Three UC Berkeley graduate students who were stranded in Haiti after a magnitude 7.0 earthquake ravaged Port-au-Prince and its environs on Jan. 12 are safely back in the United States.

Jessica Vechakul

Jessica Vechakul

This past weekend, all three were able to fly from Haiti to the Dominican Republic, and from there to the United States. They are expected to start classes at UC Berkeley this week.

Two of those students — Jessica Vechakul, a Ph.D. student in mechanical engineering, and Ryan Stanley, an MBA candidate at the Haas School of Business — had been working in Les Cayes, a seaport about 140 miles southwest of Port-au-Prince, on a development project called Fuel from the Fields when the quake hit.

They decided to accept UC Berkeley Risk Management officials’ offer to help them evacuate. “We are relieved the students are safely home after being stranded in the wake of the Haiti earthquake,” said Harry Le Grande, vice chancellor of student affairs.

The third student, Glodine Jourdan, is a native of Haiti and an MBA student at the Haas School. She was in Cap Haitien last week working with a USAID Farmer to Farmer program. She then traveled to Jacmel to work with women farmers producing various agricultural products as part of Vital Voices Femmes in Democratie. This past weekend, her family was able to charter a plane so that she could fly to the Dominican Republic and on to New York.

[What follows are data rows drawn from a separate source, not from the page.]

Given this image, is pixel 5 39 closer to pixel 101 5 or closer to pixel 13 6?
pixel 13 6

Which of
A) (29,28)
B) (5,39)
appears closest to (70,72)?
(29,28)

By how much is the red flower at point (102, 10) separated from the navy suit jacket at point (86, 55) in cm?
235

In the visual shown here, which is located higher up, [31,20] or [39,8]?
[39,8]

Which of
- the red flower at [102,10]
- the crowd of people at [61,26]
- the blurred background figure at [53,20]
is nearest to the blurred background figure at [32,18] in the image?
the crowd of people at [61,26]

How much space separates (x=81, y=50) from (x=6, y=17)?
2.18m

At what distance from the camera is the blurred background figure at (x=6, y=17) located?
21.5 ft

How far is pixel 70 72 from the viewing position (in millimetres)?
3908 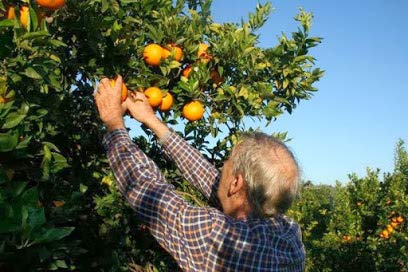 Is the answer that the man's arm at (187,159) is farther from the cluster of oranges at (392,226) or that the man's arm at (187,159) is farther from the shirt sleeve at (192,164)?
the cluster of oranges at (392,226)

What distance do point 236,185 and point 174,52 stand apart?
29.6 inches

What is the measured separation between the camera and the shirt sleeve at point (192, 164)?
2383 millimetres

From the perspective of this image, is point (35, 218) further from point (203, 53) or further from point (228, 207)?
point (203, 53)

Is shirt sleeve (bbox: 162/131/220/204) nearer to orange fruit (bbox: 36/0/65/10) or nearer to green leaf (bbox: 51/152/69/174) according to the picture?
green leaf (bbox: 51/152/69/174)

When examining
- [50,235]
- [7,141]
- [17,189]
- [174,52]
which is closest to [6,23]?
[7,141]

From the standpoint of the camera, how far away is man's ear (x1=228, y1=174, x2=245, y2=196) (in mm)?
1867

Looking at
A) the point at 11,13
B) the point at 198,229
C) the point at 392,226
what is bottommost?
the point at 198,229

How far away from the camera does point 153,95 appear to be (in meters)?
2.23

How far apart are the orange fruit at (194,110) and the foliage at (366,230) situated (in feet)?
17.5

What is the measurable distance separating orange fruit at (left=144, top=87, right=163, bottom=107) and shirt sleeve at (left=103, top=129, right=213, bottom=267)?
344 millimetres

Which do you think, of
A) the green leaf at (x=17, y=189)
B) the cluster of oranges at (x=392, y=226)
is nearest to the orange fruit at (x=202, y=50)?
the green leaf at (x=17, y=189)

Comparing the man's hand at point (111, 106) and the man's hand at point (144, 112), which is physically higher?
the man's hand at point (144, 112)

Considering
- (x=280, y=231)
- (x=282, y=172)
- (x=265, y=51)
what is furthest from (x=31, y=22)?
(x=265, y=51)

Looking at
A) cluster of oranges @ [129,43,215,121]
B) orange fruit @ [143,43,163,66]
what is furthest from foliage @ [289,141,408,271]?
orange fruit @ [143,43,163,66] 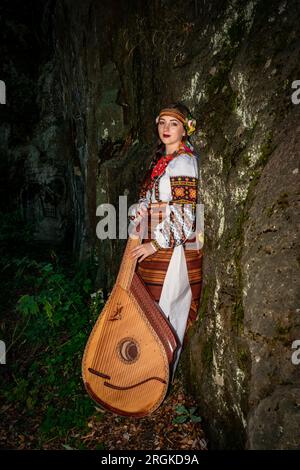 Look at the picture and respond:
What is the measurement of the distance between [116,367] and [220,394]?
2.57 ft

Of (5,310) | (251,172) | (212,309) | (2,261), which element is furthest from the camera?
(2,261)

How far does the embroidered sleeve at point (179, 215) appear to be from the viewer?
247 cm

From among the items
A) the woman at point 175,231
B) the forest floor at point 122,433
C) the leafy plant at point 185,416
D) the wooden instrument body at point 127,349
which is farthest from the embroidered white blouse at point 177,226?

Vechakul and Stanley arrived in Haiti on Jan. 3, UC Berkeley’s Risk Management office was able to track the students down because Vechakul had signed up for the campus’s travel insurance plan before she left for Haiti. UC’s travel coverage extends to all faculty, staff and students traveling on university-related projects or business and in need of emergency assistance.

A native New Yorker of Thai ancestry, Vechakul earned bachelor’s and master’s degrees in mechanical engineering from the Massachusetts Institute of Technology. She is in her second year of a doctoral mechanical engineering program at UC Berkeley. Last spring, she won the Department of Mechanical Engineering’s Outstanding Preliminary Exams Award. She has traveled to many countries to develop sustainable technologies to improve the quality of life for the impoverished.

Glodine Jourdan and Ryan Stanley

Glodine Jourdan and Ryan Stanley

“She is always working for the poor people around the world,” Quan Vechakul, a relative of Jessica’s, said in a phone interview from his home in New York. The family is accustomed to her traveling to global hotspots, he said.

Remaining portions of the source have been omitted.